Same tired utility practice, “we” own the asset, so, “we” control the grid and the costs per kWh of electricity sold. All of these utilities are the same. “Curtail” solar PV and or wind generation during the “duck curve” and use more expensive fueled generation to ramp around grid demands. Then invoke a TOU rate spiking program to increase fueled generation rates above regular retail rates during the (TOU) time of day, usually from 4 PM to 9 PM each day.

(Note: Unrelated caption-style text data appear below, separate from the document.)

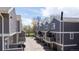 Townhouses with gray siding and balconies, showcasing a well-maintained residential area at 6730 W 84Th Cir # 96, Arvada, CO 80003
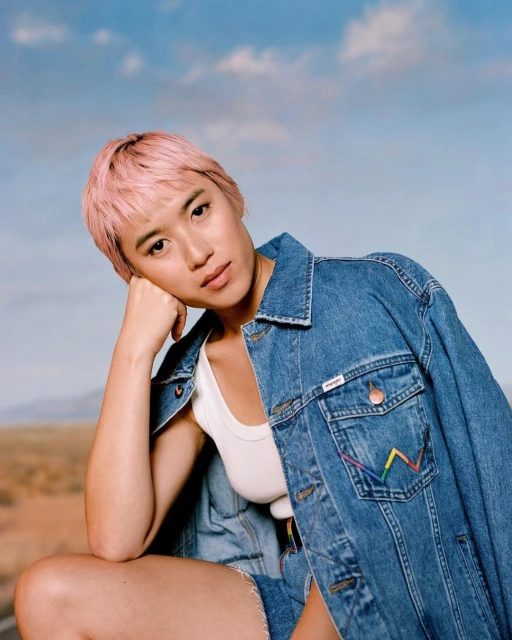 Woman with pink hair wearing a denim jacket with rainbow stitching poses outdoors against a sky and desert background in a medium shot.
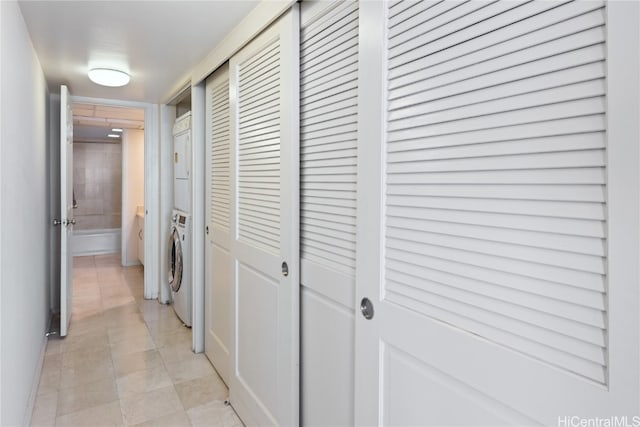 corridor featuring stacked washer / dryer and light tile patterned floors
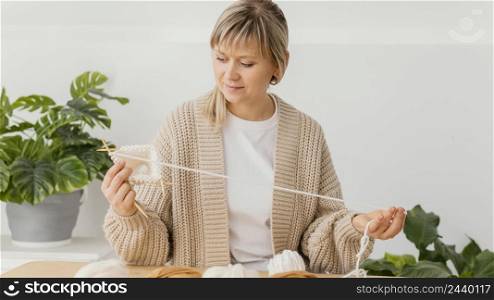 medium shot focused woman knitting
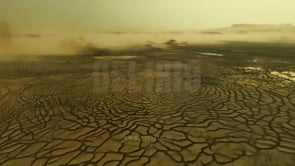 Aerial view of drought-stricken land, cracked surface, environmental impact, showcasing the devastating effects of water scarcity, desertification, and climate change on the landscape.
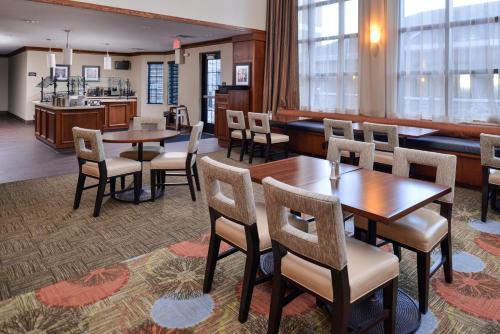 a restaurant with tables and chairs and a kitchen at Staybridge Suites Rochester by IHG in Rochester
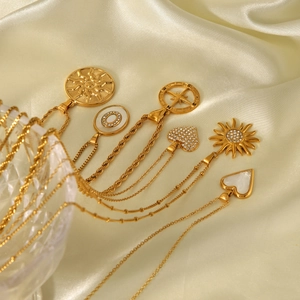 Detailed shot of golden necklaces with sun and heart pendants on elegant champagne silk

Curious as to which of these companies paid more to their CEO’s in comp. than they did to Uncle Sam in federal taxes. I am guessing there is a strong positive correlation.
Literally a research question. I’ll add it to my list of justifications for municipalizing and expanding co-operative and other public ownership models.
I’m hoping that more institutional investors put more pressure on IOUs to get on with the renewables. California where I’m at is already there. But there are a bunch of states that are lagging, especially Florida. Hopefully a regime change next year will “drain the swamp.”